= P. W. Richards =

British botanist (1908–1995)

Paul Westmacott Richards (9 December 1908 - 4 October 1995) was a British botanist.

==Life==
Richard's father (Harold Meredith Richards (1864-1942)) was a civil servant medical administrator from a Welsh family. His mother, Mary (‘May’) Cecilia (née Todd, 1871-1941) was interested in plants, and he followed in her footsteps from childhood. He was especially keen on bryophytes and lichens. Richard was born in Walton-on-the-Hill, Surrey but when he was 3, the family moved back to Cardiff since his father took the post of deputy chairman of the Welsh Insurance Commission. His secondary school was Cardiff High School until 1920, when the family moved to London because his father now had a post at the Ministry of Health. Richards then attended the private University College School until 1925, and then University College London (1925-27) He joined the British Bryological Society in 1923.
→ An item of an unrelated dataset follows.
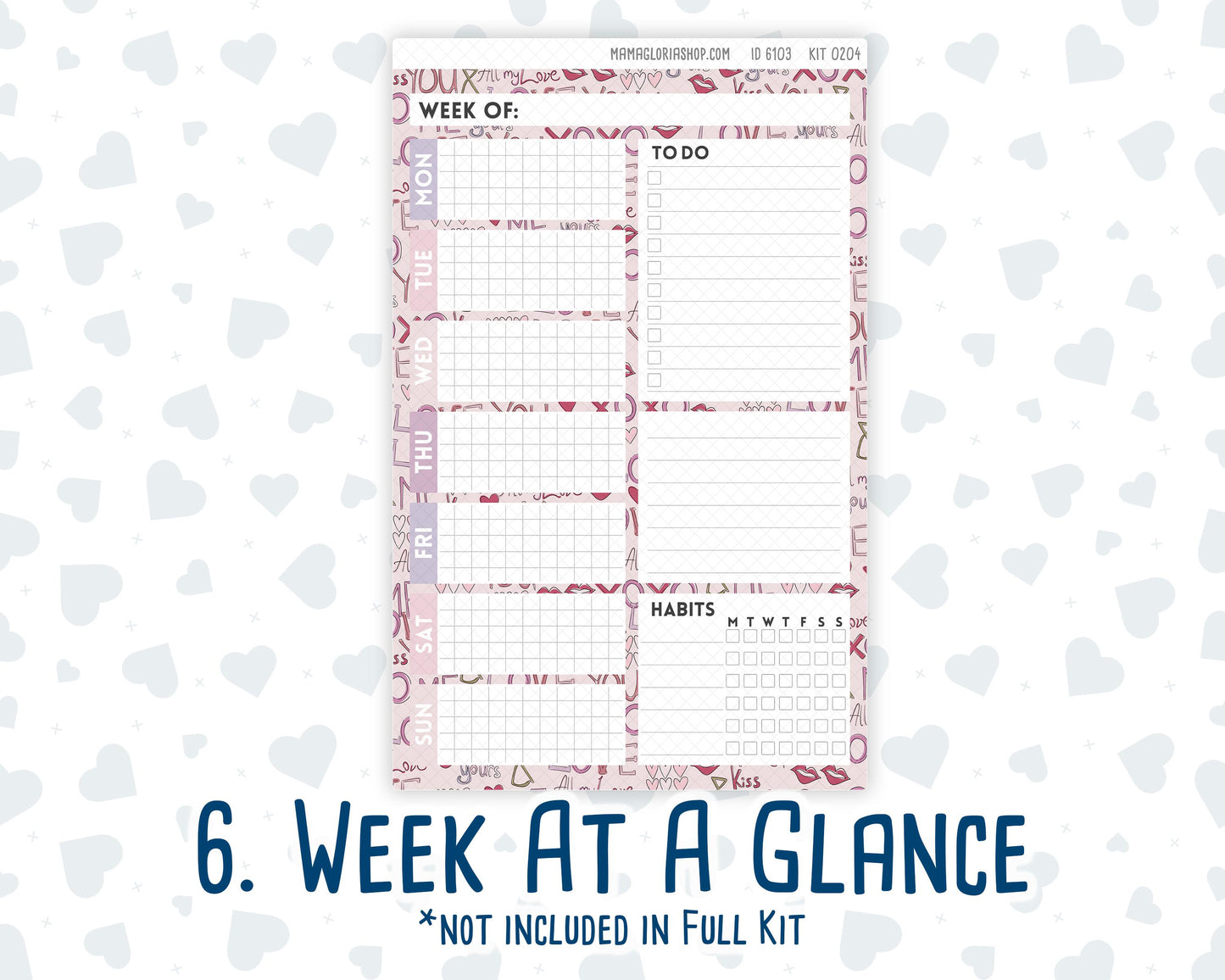 Kit 0204- A5 Daily Duo - Valentine's Garden - February -Planner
A student at Trinity College, Cambridge, from 1927, after graduating he was a research fellow and then lecturer in botany. He participated in the 1929 Oxford University Expedition to Moraballi Creek in British Guiana, studying the tropical forest canopy. He was also part of the 1932 Oxford University Expedition to Baram in Sarawak, led by ex-Trinity undergraduate, ecologist Tom Harrisson. These experiences led to him being considered an authority on tropical rain-forests. He was the author of The Tropical Rain Forest (1952). This was considered the first modern book about the botany and ecology of rain forests since the 1930s, so they were little-known to science in the 1950s and the book had considerable influence.

In 1949 he moved from Cambridge to be Chair of Botany in the University College of North Wales, Bangor, and remained there until he retired in 1976.

He helped found the North Wales Naturalists’ Trust (now North Wales Wildlife Trust) in 1962 and chaired it from 1969 - 1972.

== Awards and honors ==
Richards chaired the Nature Conservancy’s Committee for Wales in 1956-7. He was president of the British Bryological Society (1950 - 1951 and 1978 - 1979) and of the British Ecological Society (1961 - 1963). He was appointed CBE for services to conservation. He was awarded the Linnean Medal in 1979.

== Personal life ==
He married Sarah Anne Hotham (1910-2007) in 1935 and they had 4 children together. One, Martin became a professor at Cambridge University. Richards moved back to live in Cambridge after he retired.